Hegel belongs in that lineage. Nothing in this experiment changes the tool. What changes is the layer it's pointed at.
Property-based testing inverts the question most tests ask. Example-based testing asks: "does this example work?" PBT asks: "what example could break this?" The framework's job is not to confirm a claim but to try to falsify it. When falsification succeeds, the shrunk counterexample is the signal — a minimal input exhibiting the failure.
Deterministic Simulation Testing is the broader discipline: randomized simulation under controlled conditions, reproducible by seed, designed to surface emergent bugs. Property-based testing is its coordinate system.
For this experiment I applied the same tool, unchanged, to a different target — not code, but the specification itself. An AI's generated prose describes a conjecture. PBT describes a conjecture plus a mechanism for trying to disprove it. The conjecture alone is unfalsifiable until you wire the mechanism.

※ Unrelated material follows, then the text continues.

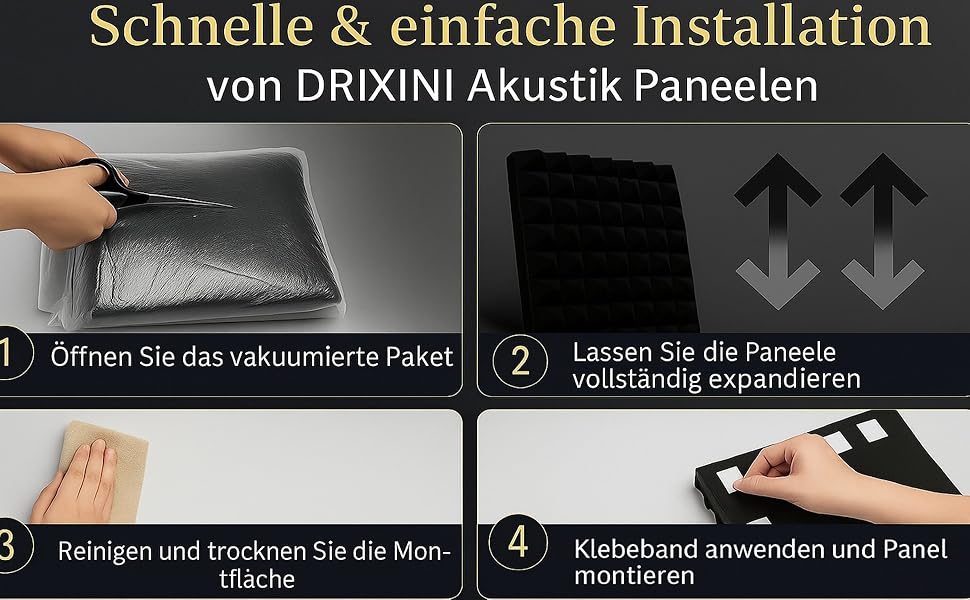Акустичні панелі для шумоізоляції 30x30x5 см, набір 6 шт. (Сірий) — Професійні звукопоглинаючі панелі для студії, подкастів, дому та офісу з клейкою стрічкою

Here is how it looks in practice. Research.md states the Hopfield descent theorem with a proof sketch: asynchronous single-neuron updates monotonically decrease energy. The Rust test:
#[hegel::test]
fn descent_under_async_update(tc: TestCase) {
let seed = tc.draw(gs::integers::<u64>().min_value(1).max_value(1u64 << 40));
let i = tc.draw(gs::integers::<usize>().min_value(0).max_value(N - 1));
let mut rng = Rng::new(seed);
let mut t = build_symmetric_weights(&mut rng);
let theta = build_thresholds(&mut rng);
let mut v = build_bipolar_state(&mut rng);
let e_before = energy(&t, &theta, &v);
async_update(&t, &theta, &mut v, i);
let e_after = energy(&t, &theta, &v);
assert!(e_after <= e_before + 1e-9);
}
Hegel runs this function a hundred times with different seed and i. Every pass is a specific symmetric weight matrix, threshold vector, binary state, and index where the energy did in fact decrease. A failure would mean the proof transcription is wrong — and Hegel would shrink to the minimal input making it so.
Three kinds of claim
Not every claim in a paper is directly testable the same way. We classified each into one of five buckets as a planning step.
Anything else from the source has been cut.